You can tell because the palette swap hipsters who’ve invaded the scene stand in stark contrast to their subjugated forebears. They’re almost all Millennials; in clutches of 3-4 soyjaks or paired with tatted landwhale or agoraphobic waif GFs. Never with kids. And never dressed in the superhero or SFF iconography of the Pop Cult, either. Instead of shilling the brands that nerd culture is supposed to revolve around, the new set come bearing symbols of the Death Cult. Again, they’re impossible to miss because it looks like the six-color rainbow projectile vomited on them.
The other oddity you’ll notice is the Death Cultists’ relative lack of participation in traditional geek activities. They’re underrepresented in panels, events, and games. For the most part, they patrol the halls, making their presence known. It comes off as a more subdued version of Antifa rent-a-thugs doing a victory dance around a saint’s toppled statue.

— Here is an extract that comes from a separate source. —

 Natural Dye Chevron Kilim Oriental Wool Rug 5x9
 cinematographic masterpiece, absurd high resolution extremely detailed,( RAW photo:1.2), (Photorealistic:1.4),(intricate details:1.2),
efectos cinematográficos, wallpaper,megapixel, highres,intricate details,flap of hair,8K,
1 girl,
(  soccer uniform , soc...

And there’s nothing new and cool. Mainstream pop culture offerings are limited to retreads of 20th century properties infused with Death Cult anti-morals. It’s super weird, and that’s coming from the guy who defined Cultural Ground Zero.

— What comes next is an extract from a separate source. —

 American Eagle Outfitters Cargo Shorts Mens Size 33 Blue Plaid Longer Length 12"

In the final analysis, the grassroots consumer rebels turned out to be wrong. Before I’m accused of throwing stones in a glass house, let it be known that we did go into it with honest if mistaken intentions. It’s only now that we’re beginning to realize what we were up against all along.
Here’s one example. Dungeons & Dragons is the definitive tabletop RPG. With only brief interruptions, it’s been the number one TTRPG for half a century. Magic: The Gathering is D&D’s analog on the card game side. Both games are owned by Washington State-based company Wizards of the Coast. Wizards is owned by massive toy conglomerate Hasbro. Look at who owns Hasbro:
There’s an ocean of money behind corporate pop culture. But it’s not coming from the consumers. The whole industry is being financed by the same Great Reset megacorps that are working to crush those consumers and make sure they can’t own homes.

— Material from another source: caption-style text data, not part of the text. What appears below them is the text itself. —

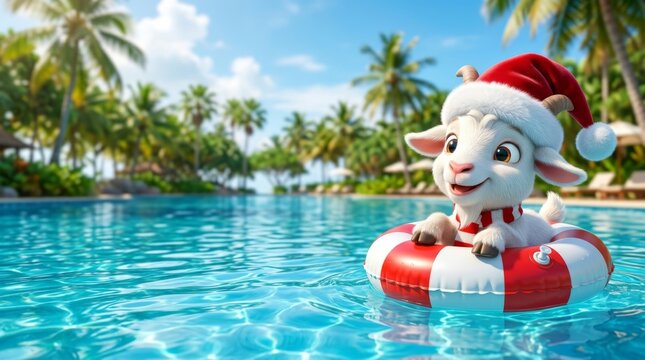 Cartoon goat in santa hat floating in a swimming pool on a tropical vacation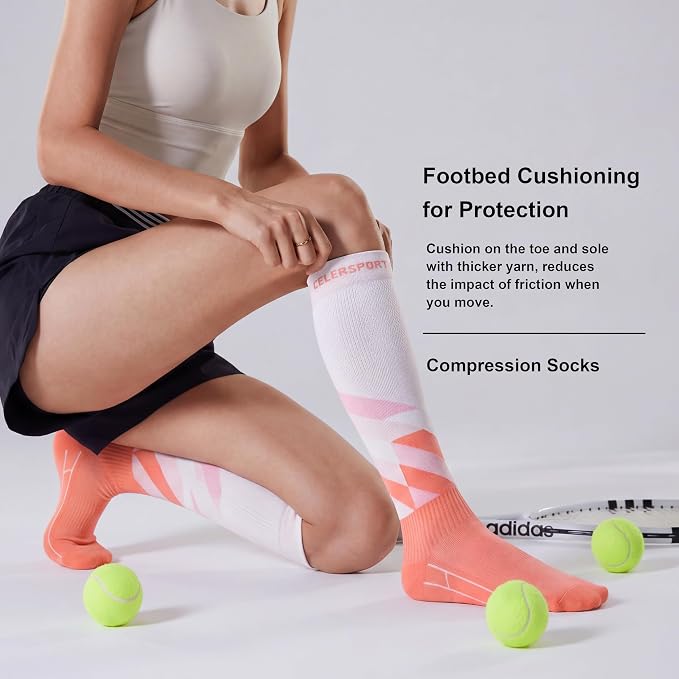 CS CELERSPORT 3/4 Pairs Compression Socks for Men Women Size 6-12 | Knee High Support Socks for Running Nurses Pregnancy Travel Daily Wear - Image 4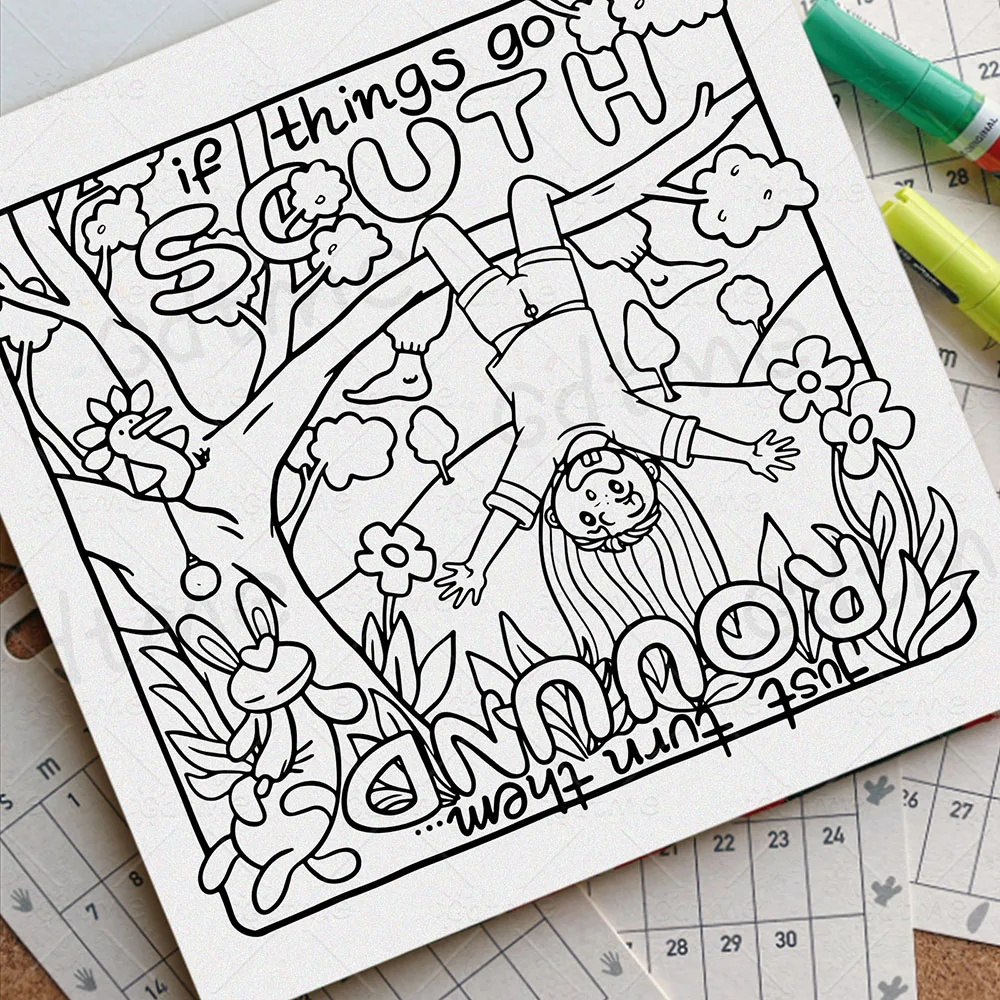 Charming Characters & Delightful Cartoon Scenes: A Stress-Relief Coloring Book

We can now see why the great consumer revolts of the previous decade failed. They were based on the “Get woke, go broke” theory that assumes free markets where customers vote with their wallets. But that’s not the paradigm at play here. Instead, we’re living under a command economy that combines the worst aspects of Soviet top-down planning and incestuous crony capitalism. None of these fifty to 100-year-old zombie IPs are dying because oligarchs keep them afloat as propaganda vectors. Jeff Bezos is happy to take a loss on the Washington Post. It’s not a moneymaking venture for him. Neither is owning Magic and D&D for BlackRock.
“So what can members of the new counterculture who just want fun comics, games, and novels do?” you ask …
Based on my analysis of the situation, we’re looking at three possibilities, presented in chronological order by length of wait:
- Some new black swan IP nobody saw coming breaks out of indie to capture a wide audience. Then the owner somehow rebuffs international financiers’ buyout and sabotage attempts.
- The whole Rules-based International Order project collapses under its own contradictions. All the skinsuit IPs will dry up overnight, but then we’ll have other problems.
- Gen Y finally shuffles off the stage. With the last Pop Cult generation gone, the skinsuit brands will remain, but reduced to unvarnished Death Cult liturgies. Normal people will shun Marvel movies like they did X-rated flicks in the 70s.
Whichever eventuality comes to pass, our job is to prepare for it. And lucky for us, getting ready for the future of entertainment involves one core strategy, regardless of where we end up: adopting a neopatronage model.
And not giving money to people who hate you
I don’t go into creation with the aim of fixing pop culture; it’s not going back to the way it was pre-2014, because the big investors are the only customers that matter now.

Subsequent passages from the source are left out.